***** SOURCE DATA

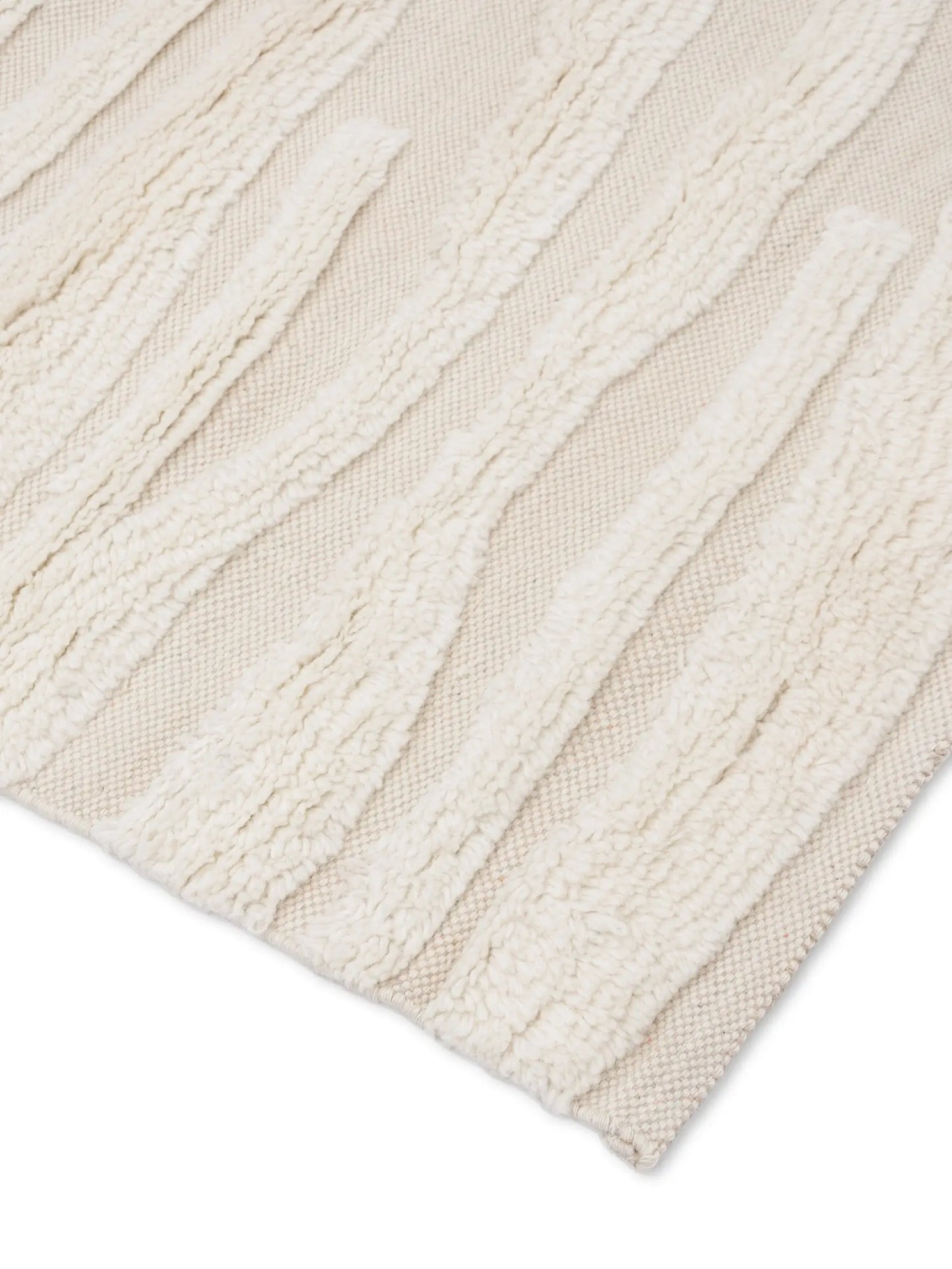 Close-up of a textured knotted beige rug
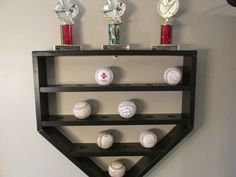 a shelf with baseballs and trophies on it in the shape of a heart shaped triangle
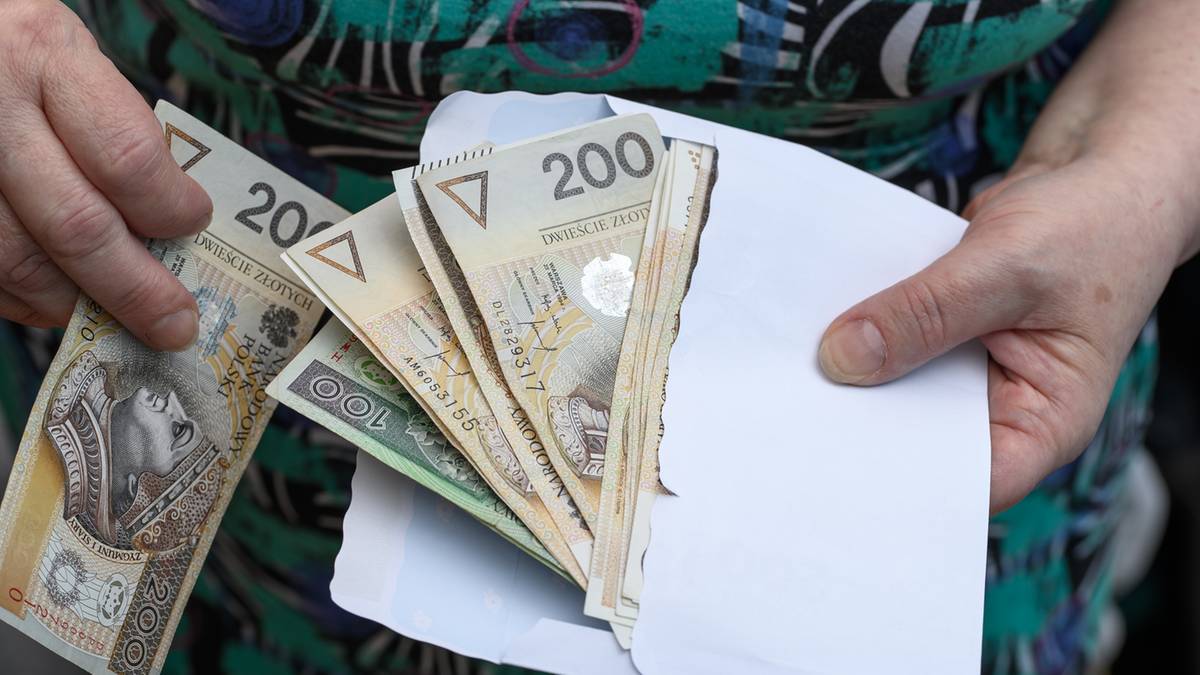 Dłonie trzymające kopertę z polskimi banknotami 200 zł i 20 zł.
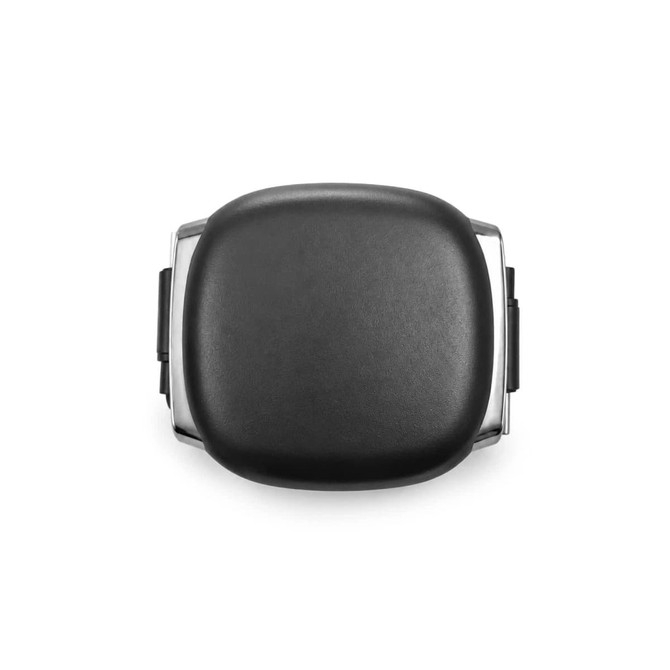 A black rectangular product with a smooth surface and metallic accents, featuring a logo on the front.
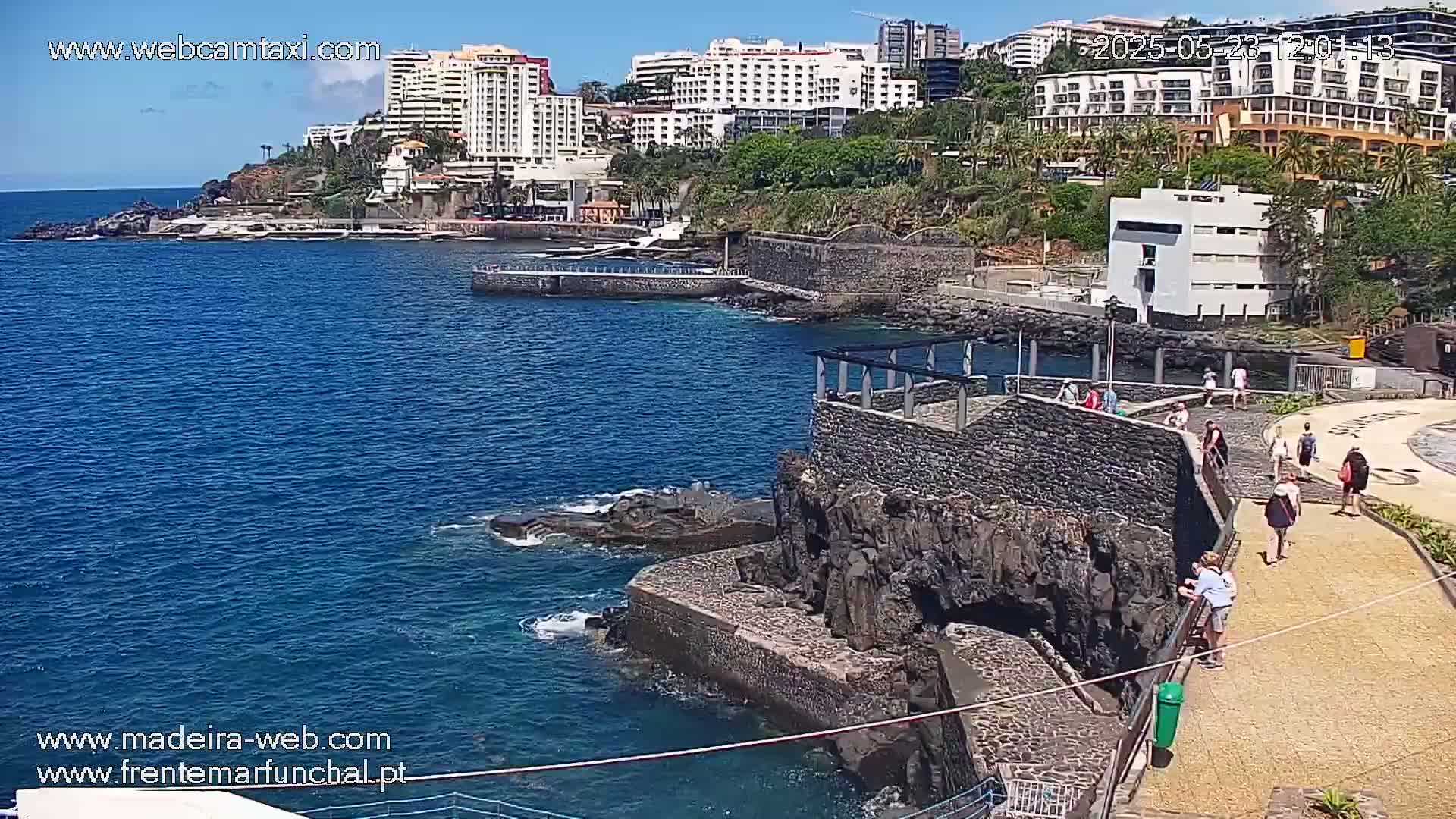 A rocky coast with a walkway and several people, overlooking a calm blue ocean and a cluster of hotels on a sunny day.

**********

→ EXERCISE AIM
Retyping should start at the first line of the data above and stop after the line with "Dłonie trzymające kopertę", and no picture should be included.

→ RESPONSE BOX
 Close-up of a textured knotted beige rug
 a shelf with baseballs and trophies on it in the shape of a heart shaped triangle
 Dłonie trzymające kopertę z polskimi banknotami 200 zł i 20 zł.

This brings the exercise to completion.